About the author
Dr Gary Lewis is Australia’s preeminent co-operatives’ historian and has published and lectured extensively in the field. However, when it came to documenting his father’s Great War experience it was soon apparent that his stock in trade, historiography, was unsuited to the task. Lewis didn’t want simply to recount genealogical facts or sustain an argument, as for military history, and he certainly is not in the business of hagiography. Rather, he wanted to evoke his father’s spirit, to delve the inner world of a young man asking all the big questions about life in a situation where life might cease next heartbeat. Conventional historical non-fiction didn’t work for this.
'Wounded' is Lewis’ first excursion into historical fiction (or creative non-fiction?) and he didn’t choose the genre lightly. As a historian and a Digger’s son he was aware of the responsibility he bore to not distort, sensationalize or idealize real events and characters for literary effect, believing this to be disrespectful not only to service personnel and civilians in whose backyard the war was fought, but to his own dad. Wondering nontheless what it must have been like for his father caught up in the relentless horror of the Great War, he became as interested in exploring the inner life of the young man as he was in the actual events of the war.

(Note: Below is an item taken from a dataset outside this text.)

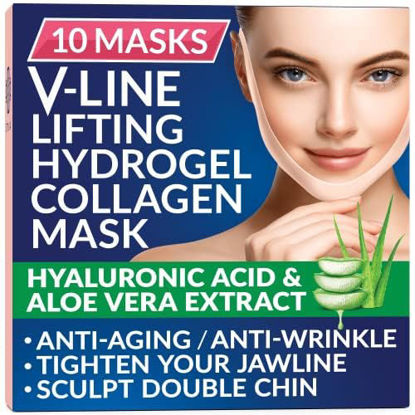Picture of 10 Piece Double Chin Reducer - V Line Shaping Face Masks - Toning Hydrogel Collagen Mask with Aloe Vera - Anti-Aging and Anti-Wrinkle Band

Why? Because Lewis grew up in a household where the Great War set the tone for just about everything happening in his family; always there, rumbling in the background: his father’s gas-affected lungs, the dermatitis, the trench-related rheumatism, the wounded shoulder, the sleeplessness, nightmares and dramatic mood swings – and the drinking. He wanted to understand more about the psychological and emotional injuries his dad carried from the war, decades after it – the wounds.
Like so many who served, Lewis’ father seldom spoke of the war and, in writing 'Wounded', Lewis was conscious of that and the need to respect his silence. If he was to tell the story of his dad’s war experience, he concluded, he must invent a character existing independent of familial considerations. Ploughing through reams of primary sources, diaries and official war records, gradually an impression of the ‘dad’ character, Snow, emerged and a story line into which he could be situated. The perceptive reader will notice that the four close friends in the book are called Victor (aka ‘Snow’), John, Collin and Louis, redolent of the author’s dad’s name: Victor John Collin Lewis. ‘Somewhere in the combination of those four characters,’ Lewis writes, ‘I believed qualities akin to those of my young father might exist. Dad served in all the battles described and at the times mentioned, so it seems reasonable to suppose he actually witnessed and participated in those events. Essentially, 'Wounded' is the story of an ordinary man whose life was shaped – and very nearly ended – by extraordinary events and, though helpless to control them, who still managed to change the course of history. It was dad who made history; I merely paint a portrait of it.’
Lewis tells us that while 'Wounded' is neither anti-war nor pro-war, it is an emphatic reminder of the futility of war. The novel also rejects the tendency of some historical fiction to alter facts for literary effect or to foist contemporary values on past events. Neither does it peddle myths or stoke legends, important as these might be, for dubious patriotic or nationalistic reasons. ‘My book simply pays homage to my father and forms an attempt to connect with an important part of his life about which I knew nothing but which shaped my relationship with him. My hope is that readers, particularly a younger generation for whom the Great War now means little, might come away from the book and reflect upon the long, dark shadow which that human catastrophe still casts upon our ancestral memory.’